Snowy meringkuk dekat kaki Tintin, tampak sedikit gelisah. Tapi Tintin, dengan wajah serius, hanya berkata lirih, “Lobo dan Andui memilih cinta, meski dunia menolak. Dan di sini, cinta mereka abadi—dalam diam, dalam batu.”

Bab 4 – Persiapan Rambu Solo’

Hari mulai menghangat ketika Tintin, Kapten Haddock, dan Dr. Dyandra kembali dari Londa. Mereka disambut suara tetabuhan bambu dan gong di kejauhan. Suara itu datang dari sebuah dusun yang tengah bersiap menggelar upacara kematian paling sakral di Toraja—Rambu Solo’.

Di pelataran Tongkonan, rumah adat dengan atap melengkung seperti tanduk kerbau, warga berkumpul. Beberapa pria sedang memotong bambu dan mendirikan panggung, sementara ibu-ibu menyiapkan daun pisang dan peralatan memasak.

Dr. Dyandra mengajak mereka masuk ke dalam Tongkonan yang mereka inapi sejak kemarin. Di salah satu sudut ruangan, berdiri sebuah peti mati besar berukir halus. Di sekelilingnya dipasang sesajen dan dupa.

“Mayat itu… sudah berapa lama disimpan di sini?” tanya Tintin, setengah berbisik.

“Delapan bulan,” jawab Dyandra tenang. “Tapi tidak bau. Sudah diberi ramuan tradisional.”
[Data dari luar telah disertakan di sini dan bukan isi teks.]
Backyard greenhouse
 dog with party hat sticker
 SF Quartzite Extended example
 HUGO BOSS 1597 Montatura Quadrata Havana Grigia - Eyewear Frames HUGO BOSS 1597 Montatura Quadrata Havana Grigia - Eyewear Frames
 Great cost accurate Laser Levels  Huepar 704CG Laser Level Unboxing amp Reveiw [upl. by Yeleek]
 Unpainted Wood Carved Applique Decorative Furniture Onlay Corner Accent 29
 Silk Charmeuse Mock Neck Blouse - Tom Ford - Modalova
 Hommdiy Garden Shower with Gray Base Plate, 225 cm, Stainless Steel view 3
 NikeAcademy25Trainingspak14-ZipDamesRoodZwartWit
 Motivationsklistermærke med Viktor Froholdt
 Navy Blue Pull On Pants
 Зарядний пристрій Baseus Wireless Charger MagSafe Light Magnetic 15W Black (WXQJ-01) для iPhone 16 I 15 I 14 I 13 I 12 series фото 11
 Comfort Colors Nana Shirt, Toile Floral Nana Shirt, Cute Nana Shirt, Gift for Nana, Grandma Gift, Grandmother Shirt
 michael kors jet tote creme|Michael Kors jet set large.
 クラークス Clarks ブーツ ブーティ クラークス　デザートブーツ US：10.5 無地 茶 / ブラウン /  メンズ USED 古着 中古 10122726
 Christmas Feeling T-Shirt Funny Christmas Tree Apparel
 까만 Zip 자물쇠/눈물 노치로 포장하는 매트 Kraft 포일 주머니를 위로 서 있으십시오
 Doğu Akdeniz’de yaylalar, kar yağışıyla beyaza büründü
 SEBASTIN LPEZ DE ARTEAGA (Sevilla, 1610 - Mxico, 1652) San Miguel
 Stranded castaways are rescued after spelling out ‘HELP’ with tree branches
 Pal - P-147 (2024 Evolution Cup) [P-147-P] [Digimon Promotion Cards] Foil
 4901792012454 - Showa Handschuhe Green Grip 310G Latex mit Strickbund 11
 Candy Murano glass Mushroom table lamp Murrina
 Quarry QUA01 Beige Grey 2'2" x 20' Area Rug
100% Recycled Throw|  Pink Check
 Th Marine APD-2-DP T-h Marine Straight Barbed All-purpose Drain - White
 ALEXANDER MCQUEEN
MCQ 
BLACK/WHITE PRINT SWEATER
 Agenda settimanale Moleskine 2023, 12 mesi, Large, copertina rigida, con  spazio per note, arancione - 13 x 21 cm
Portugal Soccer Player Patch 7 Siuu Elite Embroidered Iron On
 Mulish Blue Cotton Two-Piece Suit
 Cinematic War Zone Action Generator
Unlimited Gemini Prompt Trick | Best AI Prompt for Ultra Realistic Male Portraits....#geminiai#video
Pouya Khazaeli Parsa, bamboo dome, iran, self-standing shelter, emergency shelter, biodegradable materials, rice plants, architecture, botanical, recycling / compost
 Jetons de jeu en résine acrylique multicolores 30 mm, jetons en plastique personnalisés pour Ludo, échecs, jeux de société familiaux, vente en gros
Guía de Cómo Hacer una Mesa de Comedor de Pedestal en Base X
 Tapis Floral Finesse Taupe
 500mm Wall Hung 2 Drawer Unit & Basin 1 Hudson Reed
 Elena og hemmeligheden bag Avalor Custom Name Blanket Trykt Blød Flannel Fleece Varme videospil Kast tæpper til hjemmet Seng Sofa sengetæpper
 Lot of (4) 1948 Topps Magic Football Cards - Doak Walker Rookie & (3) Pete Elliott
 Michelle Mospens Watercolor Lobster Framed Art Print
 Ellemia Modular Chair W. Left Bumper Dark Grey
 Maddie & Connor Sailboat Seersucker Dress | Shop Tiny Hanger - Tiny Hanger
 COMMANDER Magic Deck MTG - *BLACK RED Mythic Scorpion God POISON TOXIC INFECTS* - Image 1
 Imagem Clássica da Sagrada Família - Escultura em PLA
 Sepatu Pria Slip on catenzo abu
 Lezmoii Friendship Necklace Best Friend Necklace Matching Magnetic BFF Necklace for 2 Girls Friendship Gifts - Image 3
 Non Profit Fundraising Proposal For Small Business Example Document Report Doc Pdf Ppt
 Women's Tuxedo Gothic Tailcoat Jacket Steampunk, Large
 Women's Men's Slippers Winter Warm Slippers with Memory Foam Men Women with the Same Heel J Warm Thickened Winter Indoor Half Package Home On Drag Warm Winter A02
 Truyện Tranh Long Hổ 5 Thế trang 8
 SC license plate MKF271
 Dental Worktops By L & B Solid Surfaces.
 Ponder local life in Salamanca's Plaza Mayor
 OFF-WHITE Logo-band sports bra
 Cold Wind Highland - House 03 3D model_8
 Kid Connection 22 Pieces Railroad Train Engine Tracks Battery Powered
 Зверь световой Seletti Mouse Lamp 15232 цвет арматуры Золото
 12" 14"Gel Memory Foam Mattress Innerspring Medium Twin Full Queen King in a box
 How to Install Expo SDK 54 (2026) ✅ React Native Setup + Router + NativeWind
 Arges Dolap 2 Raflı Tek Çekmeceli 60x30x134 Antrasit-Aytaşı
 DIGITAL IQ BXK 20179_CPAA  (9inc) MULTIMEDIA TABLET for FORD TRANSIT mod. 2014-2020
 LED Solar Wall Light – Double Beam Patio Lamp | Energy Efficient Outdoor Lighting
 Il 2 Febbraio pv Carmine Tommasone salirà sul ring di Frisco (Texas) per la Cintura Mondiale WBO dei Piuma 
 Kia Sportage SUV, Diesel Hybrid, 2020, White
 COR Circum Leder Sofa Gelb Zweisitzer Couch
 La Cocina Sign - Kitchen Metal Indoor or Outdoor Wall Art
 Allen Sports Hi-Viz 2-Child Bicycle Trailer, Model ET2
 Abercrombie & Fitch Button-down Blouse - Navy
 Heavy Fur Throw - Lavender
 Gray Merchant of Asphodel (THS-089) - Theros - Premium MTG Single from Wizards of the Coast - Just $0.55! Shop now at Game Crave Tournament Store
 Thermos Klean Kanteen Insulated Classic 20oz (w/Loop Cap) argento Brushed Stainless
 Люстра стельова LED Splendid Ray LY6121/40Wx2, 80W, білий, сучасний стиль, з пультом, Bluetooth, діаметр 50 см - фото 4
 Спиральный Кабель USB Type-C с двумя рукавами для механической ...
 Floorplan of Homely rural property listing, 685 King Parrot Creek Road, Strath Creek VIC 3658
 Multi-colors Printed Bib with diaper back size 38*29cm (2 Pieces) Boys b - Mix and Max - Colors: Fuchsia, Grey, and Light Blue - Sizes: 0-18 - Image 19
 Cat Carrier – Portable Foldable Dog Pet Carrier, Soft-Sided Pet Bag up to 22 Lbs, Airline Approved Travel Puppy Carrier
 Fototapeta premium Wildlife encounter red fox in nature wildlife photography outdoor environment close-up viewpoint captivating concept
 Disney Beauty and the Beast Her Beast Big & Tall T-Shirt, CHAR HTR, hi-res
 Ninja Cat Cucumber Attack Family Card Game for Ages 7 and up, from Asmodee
Kapten Haddock mengernyit. “Dan… baru akan dimakamkan sekarang?”

“Iya,” lanjut Dyandra. “Di sini, pemakaman bukan soal waktu. Harus menunggu seluruh keluarga berkumpul, dan yang paling penting: biaya harus cukup. Karena dalam Rambu Solo’, minimal harus menyembelih satu kerbau bule.”

“Kerbau bule?” seru Kapten Haddock. “Yang itu?” Ia menunjuk ke halaman belakang, tempat seekor kerbau putih berdiri anggun di bawah pohon.

“Betul,” kata Dyandra. “Namanya Tedong Bonga. Harganya bisa mencapai ratusan juta rupiah. Kerbau ini dipercaya mampu mengantar arwah ke alam baka.”

Kapten Haddock tergagap. “Ratusan juta… untuk seekor kerbau?!”

Tintin tersenyum. “Tapi ini bukan sekadar hewan. Ini simbol, Kapten. Sebuah jalan pulang.”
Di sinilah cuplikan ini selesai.